I am using pydriller to extract metrics from certain github repos. while implementing a branch specific extraction function as you can see in the following code. the terminal returns the following errors: Problem reading repository at repoX
from pydriller import RepositoryMining
import pandas as pd
from datetime import datetime, timedelta
from dateutil.relativedelta import relativedelta
end_date = datetime.now()
start_date = end_date - timedelta(days=10) - relativedelta(years=0)
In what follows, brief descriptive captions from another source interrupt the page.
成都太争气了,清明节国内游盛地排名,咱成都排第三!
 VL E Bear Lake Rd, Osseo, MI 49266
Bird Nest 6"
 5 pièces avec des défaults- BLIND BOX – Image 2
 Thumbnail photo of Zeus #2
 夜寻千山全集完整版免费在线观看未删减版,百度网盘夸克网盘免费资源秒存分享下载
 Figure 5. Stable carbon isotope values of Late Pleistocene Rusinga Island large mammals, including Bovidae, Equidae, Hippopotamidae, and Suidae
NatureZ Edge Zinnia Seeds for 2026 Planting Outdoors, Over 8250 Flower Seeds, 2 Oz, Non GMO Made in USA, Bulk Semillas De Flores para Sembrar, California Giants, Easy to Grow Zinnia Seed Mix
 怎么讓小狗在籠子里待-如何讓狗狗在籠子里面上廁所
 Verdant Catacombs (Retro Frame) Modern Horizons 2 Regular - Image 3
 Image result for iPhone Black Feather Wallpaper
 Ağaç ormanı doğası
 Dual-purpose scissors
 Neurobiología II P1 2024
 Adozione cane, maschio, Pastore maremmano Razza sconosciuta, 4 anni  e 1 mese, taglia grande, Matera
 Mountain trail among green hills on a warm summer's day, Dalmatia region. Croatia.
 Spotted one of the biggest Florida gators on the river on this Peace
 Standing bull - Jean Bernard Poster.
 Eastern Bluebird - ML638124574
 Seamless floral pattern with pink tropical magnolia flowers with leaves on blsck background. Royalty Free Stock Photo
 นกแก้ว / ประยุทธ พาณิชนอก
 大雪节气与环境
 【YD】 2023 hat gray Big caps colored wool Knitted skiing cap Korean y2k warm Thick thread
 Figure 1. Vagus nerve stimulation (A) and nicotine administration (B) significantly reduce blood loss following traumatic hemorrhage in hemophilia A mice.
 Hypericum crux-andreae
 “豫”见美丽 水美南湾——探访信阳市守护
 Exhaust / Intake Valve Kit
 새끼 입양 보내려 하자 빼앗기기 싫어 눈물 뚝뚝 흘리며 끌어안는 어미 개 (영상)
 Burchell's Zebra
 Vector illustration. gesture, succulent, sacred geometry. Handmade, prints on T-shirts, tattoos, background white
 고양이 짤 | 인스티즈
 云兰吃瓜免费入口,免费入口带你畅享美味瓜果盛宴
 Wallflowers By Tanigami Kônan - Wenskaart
# Replace this path with your own repository of interest
paths = ['repoX']
branch_name = "main" # Replace with the desired branch name
commits = []
for path in paths:
try:
for commit in RepositoryMining(path, credentials=("username", "access_token"), since=start_date, to=end_date, only_in_branch=branch_name).traverse_commits():
hash = commit.hash
for f in commit.modified_files:
record = {
'hash': hash,
'message': commit.msg,
'author_name': commit.author.name,
'author_email': commit.author.email,
'author_date': commit.author_date,
'author_tz': commit.author_timezone,
'committer_name': commit.committer.name,
'committer_email': commit.committer.email,
'committer_date': commit.committer_date,
'committer_tz': commit.committer_timezone,
'in_main': commit.in_main_branch,
'is_merge': commit.merge,
'num_deletes': commit.deletions,
'num_inserts': commit.insertions,
'net_lines': commit.insertions - commit.deletions,
'num_files': commit.files,
'branches': ', '.join(commit.branches),
'filename': f.filename,
'old_path': f.old_path,
'new_path': f.new_path,
'project_name': commit.project_name,
'project_path': commit.project_path,
'parents': ', '.join(commit.parents),
}
# Omitted: modified_files (list), project_path, project_name
commits.append(record)
except Exception:
print('Problem reading repository at ' + path)
continue
# Save it to FileCommits.csv
df_file_commits = pd.DataFrame(commits)
df_file_commits.to_csv('FileCommits.csv')
I tried using my name and generating a git personal token sadly the problem persists. removing the branch specific function extracts the necessary functions. I also tried using Repository instead of RepositoryMining. P.S: the data extracted is going to imported into elasticSearch.